There is another division also to be gotten rid of:
(D/(d*d*d*d*d))
such as
qrsqrt_to_the_power2 * qrsqrt_to_the_power3 * D
Here is the fast inverse sqrt:
float Q_rsqrt( float number )
{
long i;
float x2, y;
const float threehalfs = 1.5F;
x2 = number * 0.5F;
y = number;
i = * ( long * ) &y; // evil floating point bit level hacking
i = 0x5f3759df - ( i >> 1 ); // what ?
y = * ( float * ) &i;
y = y * ( threehalfs - ( x2 * y * y ) ); // 1st iteration
// y = y * ( threehalfs - ( x2 * y * y ) ); // 2nd iteration, this can be removed
return y;
}
To overcome big arrays' non-caching behaviour, you can do the computation in smaller patches/groups especially when is is many to many O(N*N) algorithm. Such as:
get 256 particles.
compute 256 x 256 relations.
save 256 results on variables.
select another 256 particles as target(saving the first 256 group in place)

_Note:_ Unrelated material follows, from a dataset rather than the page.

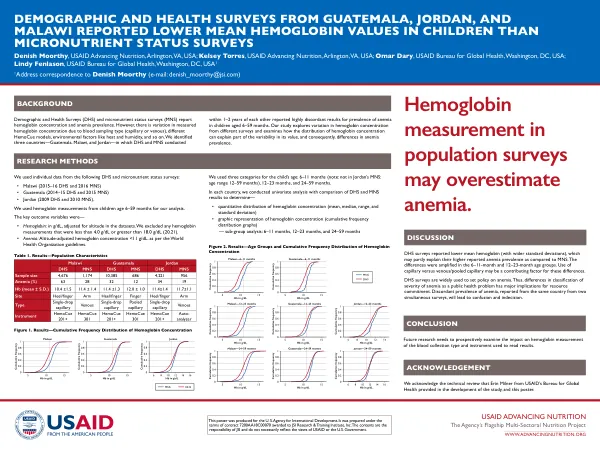 DHS vs. Micronutrient Status Surveys: Hemoglobin Values in Children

do same calculations but this time 1st group vs 2nd group.
save first 256 results again.
move to 3rd group
repeat.
do same until all particles are versused against first 256 particles.
Now get second group of 256.
iterate until all 256's are complete.
Your CPU has big cache so you can try 32k particles versus 32k particles directly. But L1 may not be big so I would stick with 512 vs 512(or 500 vs 500 to avoid cache line ---> this is going to be dependent on architecture) if I were you.
Hard:
SSE, AVX, GPGPU, FPGA .....
As @harold commented, SSE should be start point to compare and you should vectorize or at least parallelize through 4-packed vector instructions which have advantage of optimum memory fetching ability and pipelining. When you need 3x-10x more performance(on top of SSE version using all cores), you will need an opencl/cuda compliant gpu(equally priced as i5) and opencl(or cuda) api or you can learn opengl too but it seems harder(maybe directx easier).
Trying SSE is easiest, should give 3x faster than the fast inverse I mentionad above. An equally priced gpu should give another 3x of SSE at least for thousands of particles. Going or over 100k particles, whole gpu can achieve 80x performance of a single core of cpu for this type of algorithm when you optimize it enough(making it less dependent to main memory). Opencl gives ability to address cache to save your arrays. So you can use terabytes/s of bandwidth in it.